Inside the quiet rise of the StraitsX co-founder building Asia’s digital payment backbone
In the global fintech narrative, where disruption is often loud and heavily marketed, Tianwei Liu represents a more understated force one focused not on headlines, but on infrastructure.
As the CEO and Co-founder of StraitsX, Liu is helping build the foundational rails for a new financial system one where money moves as seamlessly as data. His work sits at the intersection of blockchain technology, regulatory frameworks, and real-world financial use cases, a space few leaders navigate effectively.
From Engineer to Fintech Architect
Liu’s journey into fintech was anything but conventional. With a background in computer and electronic engineering and experience at companies like Amazon Lab126, he began his career as a builder writing code, solving systems problems, and understanding how technology scales.
But it was a personal frustration that sparked his entrepreneurial leap. After returning to Southeast Asia from Silicon Valley, Liu encountered a fragmented payments ecosystem slow bank transfers, lack of interoperability, and limited access to modern financial tools.
Where others saw inconvenience, Liu saw opportunity.
The Birth of a Payments Ecosystem
In 2016, Liu co-founded Xfers, a payments platform designed to simplify bank transfers and enable businesses to move money more efficiently. That venture would later evolve into StraitsX, as the company pivoted toward blockchain-powered financial infrastructure.
The transition was not merely strategic it was visionary. Liu recognized early that the next phase of financial innovation would not come from front-end apps alone, but from rethinking the underlying systems that power transactions.
Today, StraitsX operates as a regulated payments infrastructure provider, issuing stablecoins such as XSGD and XUSD, and enabling seamless cross-border transactions for businesses and institutions.
Building Trust in a Trustless World
One of Liu’s defining philosophies is that technology alone cannot transform finance trust must be engineered alongside it.
In an industry often criticized for regulatory ambiguity, StraitsX has taken a different path. The company operates under the oversight of the Monetary Authority of Singapore, emphasizing compliance, transparency, and strong banking relationships.

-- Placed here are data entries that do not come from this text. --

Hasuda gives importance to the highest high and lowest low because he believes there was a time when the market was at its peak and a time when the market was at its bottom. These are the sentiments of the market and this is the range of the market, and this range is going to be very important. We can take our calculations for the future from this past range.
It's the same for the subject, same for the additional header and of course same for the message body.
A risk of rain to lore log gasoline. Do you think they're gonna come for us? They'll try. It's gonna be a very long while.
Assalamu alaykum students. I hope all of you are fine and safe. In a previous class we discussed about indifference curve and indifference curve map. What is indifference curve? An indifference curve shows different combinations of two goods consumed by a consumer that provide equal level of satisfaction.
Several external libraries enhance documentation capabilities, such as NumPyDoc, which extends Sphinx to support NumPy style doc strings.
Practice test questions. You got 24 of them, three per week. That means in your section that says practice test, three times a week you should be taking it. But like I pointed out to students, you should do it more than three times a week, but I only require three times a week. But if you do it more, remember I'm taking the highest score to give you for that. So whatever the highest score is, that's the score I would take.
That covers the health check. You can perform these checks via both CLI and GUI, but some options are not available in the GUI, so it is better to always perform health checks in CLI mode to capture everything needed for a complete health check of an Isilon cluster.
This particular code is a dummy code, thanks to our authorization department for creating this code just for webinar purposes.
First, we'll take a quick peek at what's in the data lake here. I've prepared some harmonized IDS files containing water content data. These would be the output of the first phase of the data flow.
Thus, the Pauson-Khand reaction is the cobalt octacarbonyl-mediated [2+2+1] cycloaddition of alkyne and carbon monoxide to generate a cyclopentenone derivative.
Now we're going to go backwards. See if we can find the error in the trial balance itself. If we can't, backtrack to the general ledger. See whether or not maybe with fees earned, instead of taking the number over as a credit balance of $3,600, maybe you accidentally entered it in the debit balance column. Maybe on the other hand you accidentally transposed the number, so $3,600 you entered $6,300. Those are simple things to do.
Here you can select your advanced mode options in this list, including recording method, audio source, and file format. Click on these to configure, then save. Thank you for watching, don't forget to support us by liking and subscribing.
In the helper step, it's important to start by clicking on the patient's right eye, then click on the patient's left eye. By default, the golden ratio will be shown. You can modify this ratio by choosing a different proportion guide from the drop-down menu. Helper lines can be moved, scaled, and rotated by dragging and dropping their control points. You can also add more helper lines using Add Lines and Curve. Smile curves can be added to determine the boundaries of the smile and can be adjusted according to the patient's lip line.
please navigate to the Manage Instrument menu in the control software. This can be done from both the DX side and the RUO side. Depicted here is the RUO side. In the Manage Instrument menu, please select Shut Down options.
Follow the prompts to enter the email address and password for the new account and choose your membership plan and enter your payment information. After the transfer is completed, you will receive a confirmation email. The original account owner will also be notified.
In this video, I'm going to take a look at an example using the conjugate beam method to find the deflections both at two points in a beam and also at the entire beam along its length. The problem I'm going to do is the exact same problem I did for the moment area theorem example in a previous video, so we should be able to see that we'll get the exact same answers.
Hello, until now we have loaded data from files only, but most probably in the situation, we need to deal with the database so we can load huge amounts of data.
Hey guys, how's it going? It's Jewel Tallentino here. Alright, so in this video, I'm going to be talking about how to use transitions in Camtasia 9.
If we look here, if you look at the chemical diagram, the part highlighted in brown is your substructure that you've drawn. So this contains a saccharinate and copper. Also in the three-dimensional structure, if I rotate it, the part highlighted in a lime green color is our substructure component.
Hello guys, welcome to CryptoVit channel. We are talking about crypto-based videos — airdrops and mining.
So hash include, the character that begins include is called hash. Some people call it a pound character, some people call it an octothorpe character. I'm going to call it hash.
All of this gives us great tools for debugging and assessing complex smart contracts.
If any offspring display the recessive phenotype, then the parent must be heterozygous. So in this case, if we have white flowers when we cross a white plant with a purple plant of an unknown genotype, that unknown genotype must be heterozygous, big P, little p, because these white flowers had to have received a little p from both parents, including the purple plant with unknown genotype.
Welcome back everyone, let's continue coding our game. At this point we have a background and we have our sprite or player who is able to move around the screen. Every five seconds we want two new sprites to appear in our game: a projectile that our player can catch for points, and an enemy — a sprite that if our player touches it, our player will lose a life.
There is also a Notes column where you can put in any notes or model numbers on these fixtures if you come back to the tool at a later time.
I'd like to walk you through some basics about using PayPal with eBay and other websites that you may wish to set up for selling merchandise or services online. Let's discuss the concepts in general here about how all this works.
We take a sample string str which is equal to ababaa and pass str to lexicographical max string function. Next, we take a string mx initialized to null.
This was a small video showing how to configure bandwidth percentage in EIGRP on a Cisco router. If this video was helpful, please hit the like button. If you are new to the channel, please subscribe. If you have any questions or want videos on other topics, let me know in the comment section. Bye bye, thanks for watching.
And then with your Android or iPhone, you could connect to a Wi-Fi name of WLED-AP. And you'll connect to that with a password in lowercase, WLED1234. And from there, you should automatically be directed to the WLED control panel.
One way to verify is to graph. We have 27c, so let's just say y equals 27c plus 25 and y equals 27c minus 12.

For Liu, this is not a constraint it is a competitive advantage.
By aligning innovation with regulation, he has positioned StraitsX as a bridge between traditional financial institutions and the emerging world of digital assets.
Solving the Cross-Border Puzzle
At the heart of Liu’s work lies one of finance’s oldest challenges: cross-border payments.
Traditional systems are often slow, expensive, and fragmented. Stablecoins, in contrast, offer real-time settlement, lower costs, and programmability features Liu believes will redefine how money moves globally.
Under his leadership, StraitsX is enabling businesses to transact across Southeast Asia with unprecedented efficiency, connecting local payment systems into a more unified network.
A Builder’s Mindset in a Hype-Driven Industry
What makes Tianwei Liu particularly compelling is his restraint.
He is not a headline-seeking founder, nor does he position himself as a visionary in the conventional sense. Instead, his leadership reflects an engineer’s mindset: solve real problems, build scalable systems, and let the impact speak for itself.
Even in conversations about the future of finance, Liu avoids grand predictions. His focus remains grounded on execution, partnerships, and creating tangible value for users.
The Road Ahead
As digital finance continues to evolve, the importance of infrastructure will only grow. The companies that define the future may not be the most visible, but the most embedded.
In that context, Tianwei Liu’s work with StraitsX takes on greater significance. By building compliant, scalable, and interoperable payment systems, he is not just participating in the fintech revolution he is helping enable it.
In a world chasing the next big thing, Liu is focused on something far more enduring: making money move better.